* _Collected data_:
────────────────

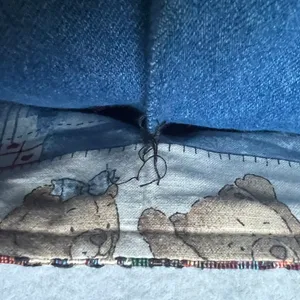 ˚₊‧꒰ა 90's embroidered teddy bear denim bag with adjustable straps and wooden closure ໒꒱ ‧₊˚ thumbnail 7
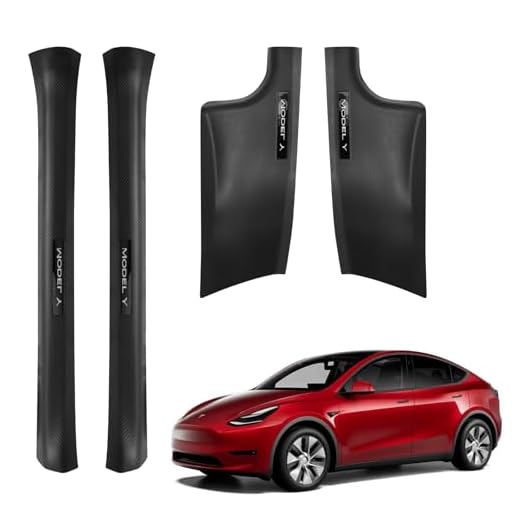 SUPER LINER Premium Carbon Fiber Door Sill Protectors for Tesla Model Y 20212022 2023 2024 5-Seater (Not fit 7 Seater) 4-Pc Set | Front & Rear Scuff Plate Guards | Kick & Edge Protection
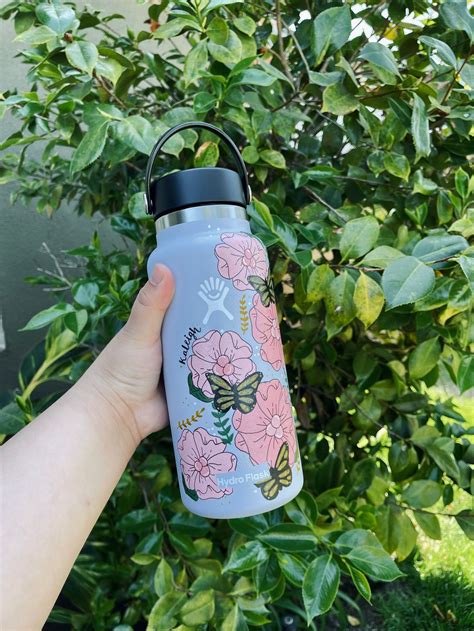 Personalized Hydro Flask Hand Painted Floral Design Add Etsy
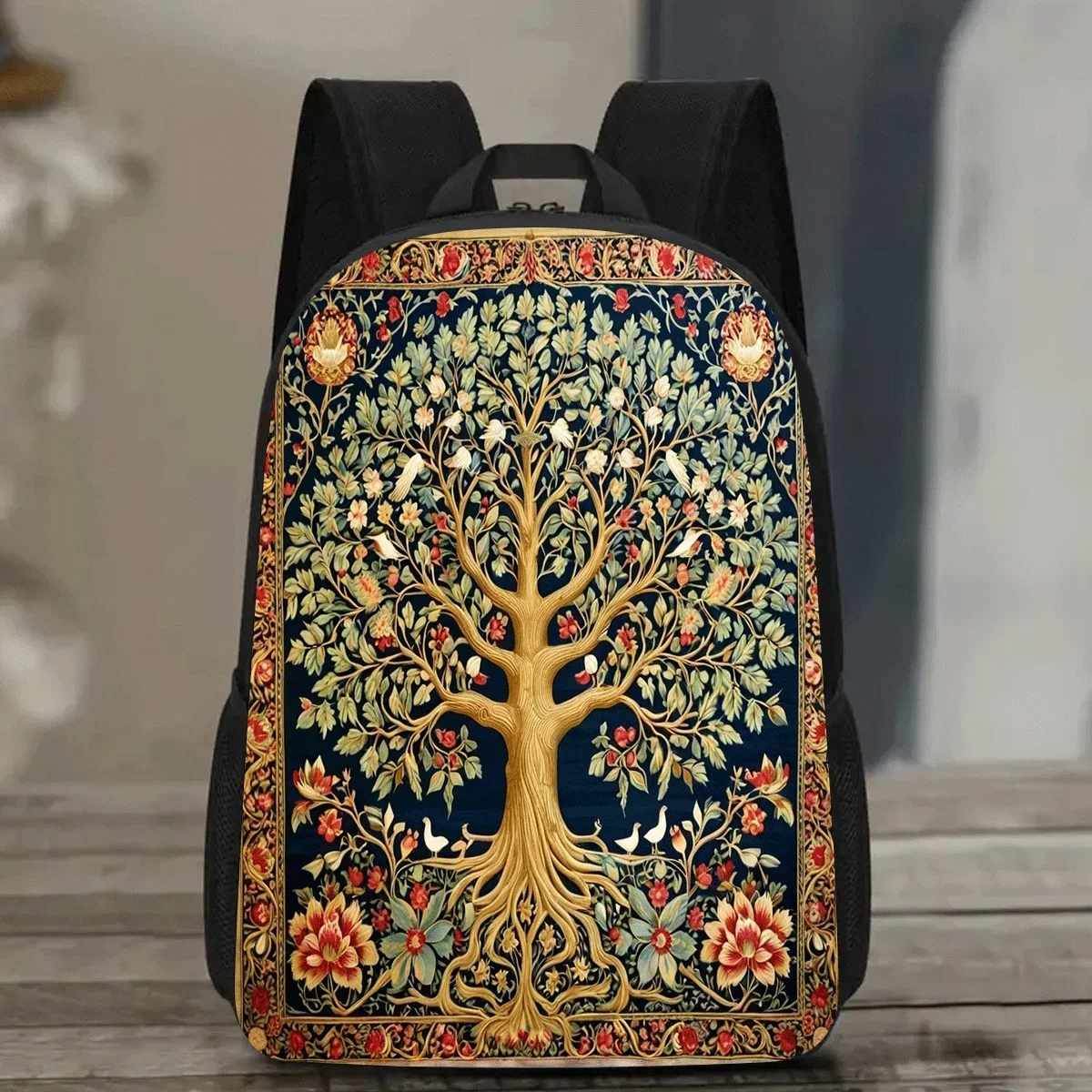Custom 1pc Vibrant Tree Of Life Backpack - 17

────────────────

* _Exercise directions_: Aside from its pictures, the listing must be given again in full, exactly as it appears.

* _Exercise output_:
 ˚₊‧꒰ა 90's embroidered teddy bear denim bag with adjustable straps and wooden closure ໒꒱ ‧₊˚ thumbnail 7
 SUPER LINER Premium Carbon Fiber Door Sill Protectors for Tesla Model Y 20212022 2023 2024 5-Seater (Not fit 7 Seater) 4-Pc Set | Front & Rear Scuff Plate Guards | Kick & Edge Protection
 Personalized Hydro Flask Hand Painted Floral Design Add Etsy
Custom 1pc Vibrant Tree Of Life Backpack - 17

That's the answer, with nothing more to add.